《夏尔的事务所》《序——归去来兮》CHAPTER VI:她捧花而来

《夏尔的事务所》《序——归去来兮》
CHAPTER VI:她捧花而来
他会因何而想起他?
是不经意间瞥见的相片?还是在思念后沉进的梦乡?又或是在晚霞落幕时随风晃悠的摇椅?
夏尔已经不止一次在梦境中与爷爷相遇了。
不知不觉神态、动作、言语,都已经在一次又一次的“重逢”中锻炼完备。
但就算这样百般练习现实中却还是会陷入沉默的死局。
毕竟那不是现实,在梦中所能达到的结局都只会按照本人所想的那样发展。
夏尔感觉自己有些手足无措,就像是毫无准备的考生正在参加人生中重要的考试一般。
那可是真正的人,活生生的人,而不是用自己的记忆碎片拼凑出的残次品。
夏尔觉得自己应该说些什么,但微微张开的嘴巴却发不出任何声音。
他舔了舔嘴唇,朝离自己不过几米远的老人缓缓挪动着步伐。
“次——次——”鞋子踩在羊毛地毯上的触感好似踩进棉柔的细雪堆。
“扑通——扑通——”听着越来越清晰的心跳声,夏尔不自觉的屏住了呼吸。
他低下头看向在桌案上奋笔疾书的老人,想要脱口而出的思念咽回去了一次又一次。
终于,他缓缓地伸出了手,但就要在接触到的一瞬间犹如触电般的突然伸了回去。
夏尔就这样静静的待在原地,不再做任何动作。
或许是最后一丝理智告诉自己眼前的亲人不过是一场虚假的幻梦,又或者是自己根本不愿破坏这如玉烛调和般的和谐景象。
片刻,老人手中的钢笔在勾了一个漂亮的笔锋后停了下来。紧接着老人抬起了头,不知是有意还是无意——他朝眼前的方向笑了笑。
轻松惬意的笑容让这位老人的面孔又显得几分和蔼。
殊不知正是这和蔼的一笑就已经无形之中击溃了夏尔的心理防线。
他好像已经忘记了来这里的理由,也忘记了身旁澪的存在,他揉了揉眼睛视线中的一切景物仿佛正在慢慢褪色,失去线条直至变成空无的白。
“嗯?”
夏尔舔到了嘴角的一丝咸味。
他哭了吗?
夏尔有些疑惑。
他不知道自己为什么要哭,也很奇怪自己为什么觉得此时不该哭。
抛开其他因素不谈,在单独能与已逝亲人重逢这件事上,正常人应该早就哭着抱上去呼喊亲人的名字,但唯独自己,唯独他却一直忍耐至今。
年龄?是因为年龄吗?
自尊?是因为自尊吗?
突然,夏尔恍然大悟。
哦,是理智,是因为能够粉碎一切梦幻的理智。
夏尔头一回感觉理智在情感面前是显得那样多余,那样令人生厌。
但如果抛弃它,片刻间便会化为的眼角的淅沥。
如果让爷爷看到我这幅样子,他会担心的吧……不,我已经长大了,我不能再让爷爷为我操心了。想到这夏尔急忙用手背擦拭眼角的泪水。

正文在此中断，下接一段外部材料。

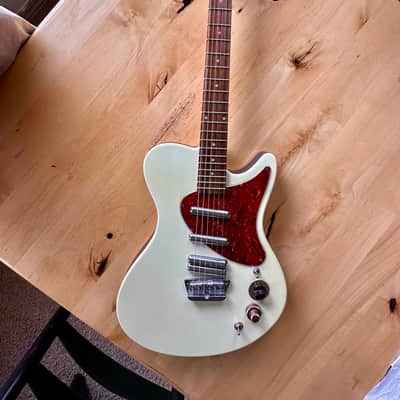 Danelectro Danelectro Mod 6 HSS Made in Korea Rare an in even more rare white 2000ish era 2000ish - White/brown image 1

但如果是在爷爷面前的话,哭泣,撒娇,吵闹……也是会被允许的吧?
他可以藏匿着自己的感情,也可以想象着爷爷不在时的成长。但一旦给这份没有固定答案的答卷写下了“解”字,那后续的作答可就会远远脱离控制。
“唔——”夏尔紧咬嘴唇不让自己发出一点声音,却任凭大颗大颗的泪珠滑落脸颊。
是无声的哭泣,是有人正在努力克制着内心的情感波澜。
夏尔吸了吸鼻子,半晌才从牙齿间吐出了一句话。
“爷爷,好久不见了……”
老人好像什么都没有听到一般,不作任何反应,只是一直微笑着。
夏尔以为爷爷年纪大了没有听见,便继续开口道。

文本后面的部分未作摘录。